Once in a lifetime: Annibale Frossi

Il 6 luglio 1911 nasce a Muzzana del Turgnano, in provincia di Udine, Annibale Frossi, di professione calciatore, allenatore e giornalista. Annibale giocava ala. Era veloce come un lampo. Quando accelerava sulla fascia, palla al piede, era praticamente impossibile da riprendere. Nelle gambe aveva lo spunto del velocista, nella testa la lucidità del regista. Narrano i cronisti che coprisse i cento metri in poco più di undici secondi, un tempo da record assoluto che già di per sè avrebbe meritato i giochi olimpici. Singolarmente, la sua fama di giocatore non crebbe però solo grazie a talento e abilità, ma anche per un particolare estetico: Annibale, infatti, scendeva in campo indossando gli occhiali. Era miope sin dalla nascita e per lui quelle lenti significavano tutto, la sopravvivenza e la speranza. Rispetto all’attualità ebbe fortuna. In materia, i farraginosi regolamenti non erano del tutto chiari e la burocrazia del pallone non se la sentì di fermare quel ragazzo talentuoso. Un pò per furbizia, un poò per italico opportunismo, la Federazione decise di non occuparsi troppo da vicino di quella vicenda. Fu così che, nonostante qualche velata protesta, Annibale trovò sempre il modo di scendere in campo. Fu così che catturò la fantasia popolare.

Icona di un calcio scomparso

In quel calcio ancora eroico, pieno di baffi, fasce, bende e retine, Frossi divenne così l’icona del giocatore con gli occhiali nonché una perfetta metafora di forza e resilienza.

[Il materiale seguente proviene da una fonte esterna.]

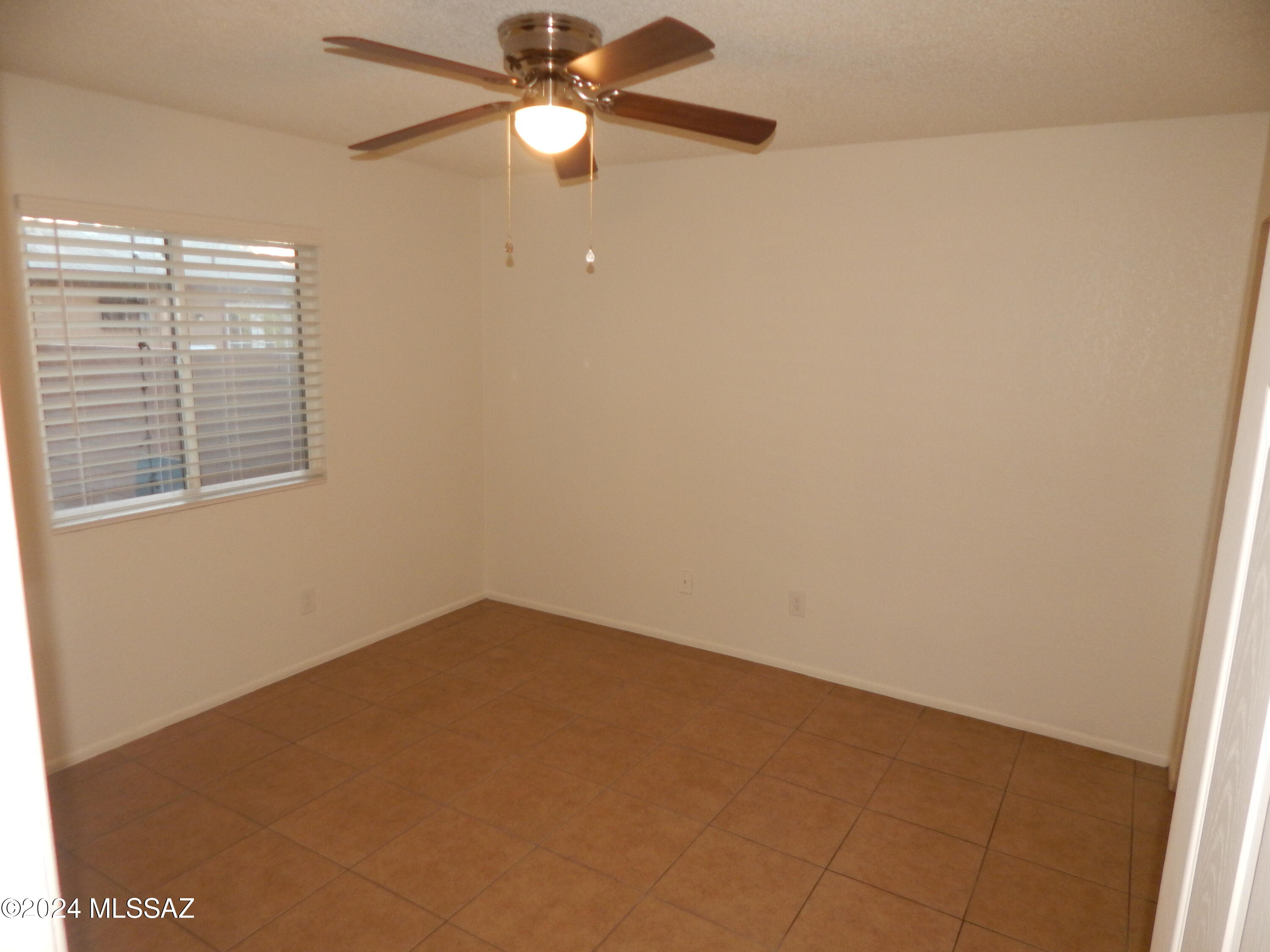 Kenrose Park Addition - Residential Lease
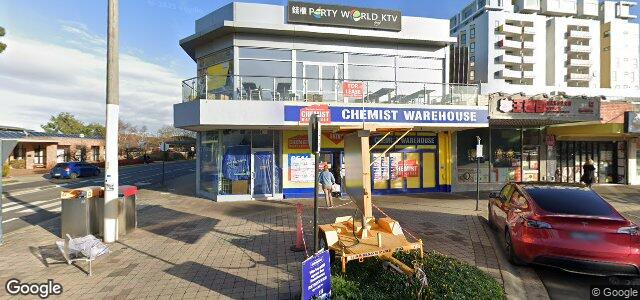 116 Kingsway（加拿大曼尼托巴省温尼伯市）房屋照片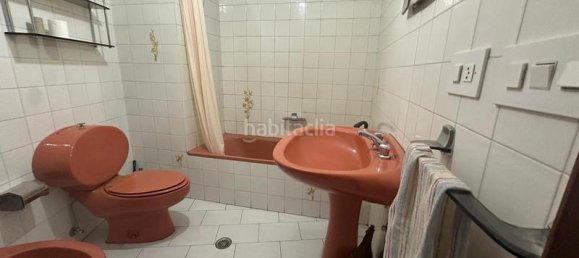 4 Schlafzimmer Wohnung in O Carballino, Spain, Nr. 139839 13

Quelle spesse lenti, che assicurava alla nuca con un elastico, non gli impedirono mai di eccellere. Perché Annibale, che per tutti, sul terreno di gioco, era “pel di carota” per via del colore dei capelli, ben compensava quel difetto con molti altri talenti. Frossi era naturalmente dotato di un tiro incisivo e di una grande disciplina tattica. A ciò, aggiungeva inoltre un’eccezionale capacità di leggere per tempo l’azione. Quell’abilità di intuire tempestivamente gli sviluppi, unitamente alla corsa e alla grande rapidità di movimento, non lasciavano scampo nemmeno alle difese più attrezzate. Ma Annibale era anche abilissimo fuori dal campo quando diventava necessario toccare le corde giuste per motivare i compagni negli spogliatoi. Il football non gli regalò solo grandi opportunità ma si rivelò anche decisivo modificando le traiettorie della sorte. Come quando venne spedito in Etiopia a combattere per un posto al sole con il grado di caporale maggiore. Riconosciuto sulla nave dai diretti superiori, Annibale venne fatto sbarcare e trasferito d’ufficio tra le montagne de L’Aquila per assecondare i desideri di un potente gerarca che lo schiera nella locale squadra, di cui era presidente, con l’obiettivo di centrare la promozione nella massima serie.

La maglia azzurra

Quella stagione tra i cadetti si rivela davvero fortunata, non solo per le sue brillanti prestazioni e i gol che gli aprono definitivamente le porte del professionismo ma anche per la sua prima maglia azzurra. E’ Vittorio Pozzo in persona ad andarlo a pescare tra le montagne per inserirlo nell’organico dei giocatori che avrebbe portato alle Olimpiadi di Berlino del 1936. Così, Annibale scende in campo in tutte e quattro le partite della competizione realizzando sette reti e portando gli azzurri in finale con l’Austria dove proprio una sua doppietta regala il titolo all’Italia.

“Dottor Sottile”

I successivi anni li trascorre a Milano con la maglia nerazzurra dell’Ambrosiana. Saranno stagioni straordinarie e ricche di soddisfazioni. Annibale trova anche il tempo di frequentare l’università e prendere una laurea in legge. Una volta salutati i campi, pensa a far carriera con un impiego normale, lontano da stadi e palloni. Lo assume l’Alfa Romeo prospettandogli una rapida e fulgida carriera. Ma era destino che la scrivania non entrasse nella sua vita. Ancora una volta, la sorte lo va a cercare facendolo accomodare in panchina. Da allenatore Frossi guida Luino, Mortara, Monza e Torino prima di essere chiamato, nel 1956, da Angelo Moratti all’Inter per una breve e sfortunata parentesi. Seguiranno altre città e altri incarichi che lo porteranno in giro per tutta la penisola, a Genova, Napoli, Modena e Trieste. Annibale si rivela allenatore preciso e attento a tattiche e strategie. Costruisce i suoi moduli su difese arcigne, raddoppi di marcatura e alchimie tattiche chiedendo ai suoi uomini di giocare sempre d’anticipo per confondere i piani avversari. Per questo e per la sua naturale tendenza a trovare ogni volta le adeguate contromisure alle trame avversarie si guadagna sul campo il soprannome di “Dottor Sottile”. “Lo 0-0 è il risultato perfetto” era solito dire, “perché espressione dell’equilibrio totale tra l’attacco e la difesa delle squadre in campo.”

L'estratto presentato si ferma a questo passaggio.